**DATA BLOCK**
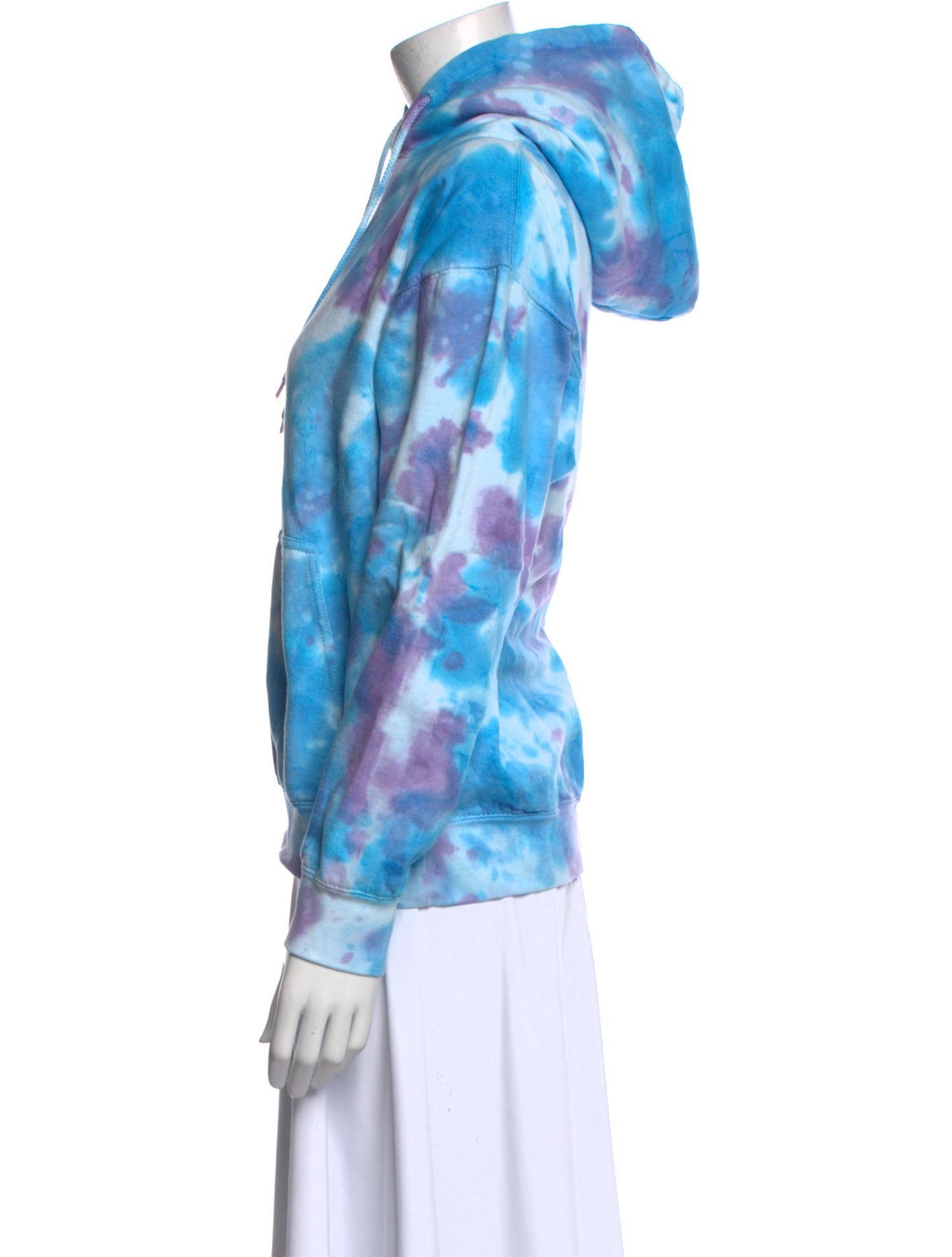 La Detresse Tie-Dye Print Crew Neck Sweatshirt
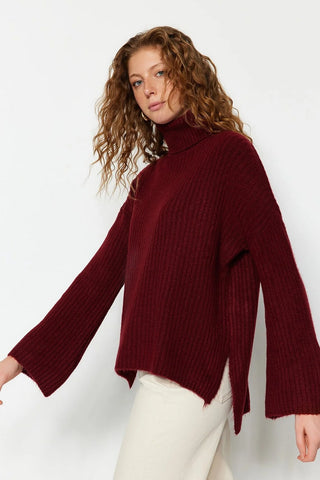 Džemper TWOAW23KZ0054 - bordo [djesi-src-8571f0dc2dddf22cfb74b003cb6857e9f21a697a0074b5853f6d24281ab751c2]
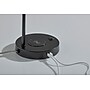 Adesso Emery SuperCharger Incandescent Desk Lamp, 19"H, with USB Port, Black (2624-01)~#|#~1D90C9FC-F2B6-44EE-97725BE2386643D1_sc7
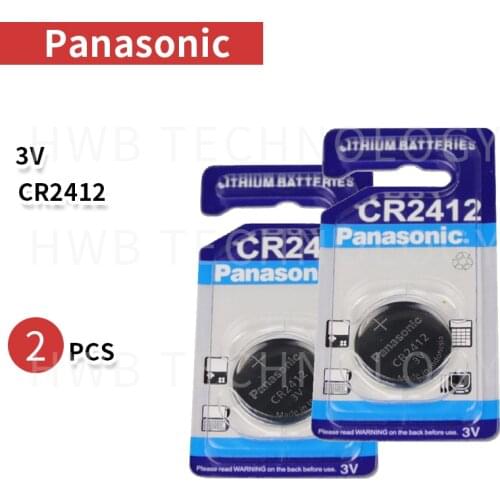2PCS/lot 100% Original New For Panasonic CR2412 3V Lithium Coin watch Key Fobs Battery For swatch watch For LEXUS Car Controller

**WHAT YOU NEED TO DO**
Leave out the pictures, and retype exactly the lines from the one containing "Adesso Emery SuperCharger" through the last line of the data above, no more and no less.

**ANSWER SECTION**
 Adesso Emery SuperCharger Incandescent Desk Lamp, 19"H, with USB Port, Black (2624-01)~#|#~1D90C9FC-F2B6-44EE-97725BE2386643D1_sc7
2PCS/lot 100% Original New For Panasonic CR2412 3V Lithium Coin watch Key Fobs Battery For swatch watch For LEXUS Car Controller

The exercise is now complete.